Creo que le voy a llamar. ¿Se acordará de mí? A lo mejor ya se ha olvidado. ¿Habrá llorado alguna vez desde que lo dejamos? Tal vez llorará un poquito cada noche, como yo, después de lavarse los dientes y antes de cerrar los ojos. ¿Habrá pensado en llamarme? Puede que busque mi contacto en el móvil, lo seleccione y justo antes de marcar, se quede anonadado mirando la pantalla e imaginándose la conversación, o quizá eso sólo me pasa a mí.

Creo que le voy a llamar. Porque ni la droga más dura deja un agujero tan grande como cuando se va de tu vida esa persona a la que durante tantos años llamabas primero cuando te pasaba algo digno de contar. Que si “he ido al banco”, que si “me ha dicho mi madre”, que si “he estado pensando”, que si ¿ahora a quién llamo? ¿ahora a quién le importa? ¿ahora a quién le importo?

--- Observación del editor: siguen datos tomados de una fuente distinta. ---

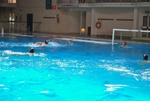 flipper_vs_matera_04.jpg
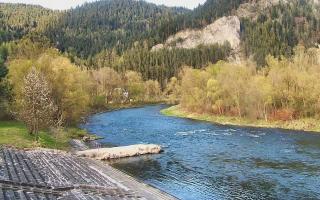 Sromowce Wyżne Flisacy - 28-04-2026 15:34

Creo que le voy a llamar. Aunque solo sea para oír su voz durante dos segundos y colgar. O tal vez para recordar por qué juré no volver a llamarle nunca más. Entender por qué todo el mundo me dice que “era lo mejor”, que “ya era hora” y que lo nuestro “hace mucho tiempo que había dejado de tener sentido”. Pero solo unos pocos entienden el inmenso placer que puede llegar a darte el hecho de hacerte daño. Tal vez aquellos que se encienden un cigarrillo, que piden una copa más o que se compran otra barra de chocolate podrán cerrar los ojos y saborear lo que les está matando.

Creo que le voy a llamar. Y le diré que fui demasiado valiente al pensar que podía acostumbrarme a una vida en la que no estuviera. Que su ausencia me arde por dentro mientras sonrío por fuera. Que el fuego es lento y constante, a cada hora del día y de la noche aunque parezca que ando distraída y pizpireta viviendo mi vida, hay una parte de mí que se derrite como una vela.

Creo que le voy a llamar. Quedaremos a una hora en un lugar. Nos fundiremos en un largo abrazo que desembocará en un amargo llanto al darnos cuenta de que todavía está en carne viva la herida que se produjo cuando hace un mes decidimos arrancarnos el uno del otro y arrojarnos lejos. Entonces hablaremos, o no, discutiremos, o no, pero seguro que, como tantas otras veces, llegaremos a la conclusión de que era lo mejor. Así que nos marcharemos cada uno por su lado y el proceso de cicatrización tendrá que empezar de cero, como el del adicto que volvió a tropezar y a caer de bruces en su adicción.

Así que tal vez es mejor que no le llame. Que siga llorando en mi cama después de lavarme los dientes y antes de cerrar los ojos para despertar mañana a un día más sin él, pero a uno menos de esta miserable dependencia emocional que algún día no será más que un vago recuerdo de una llamada que nunca llegué a hacer.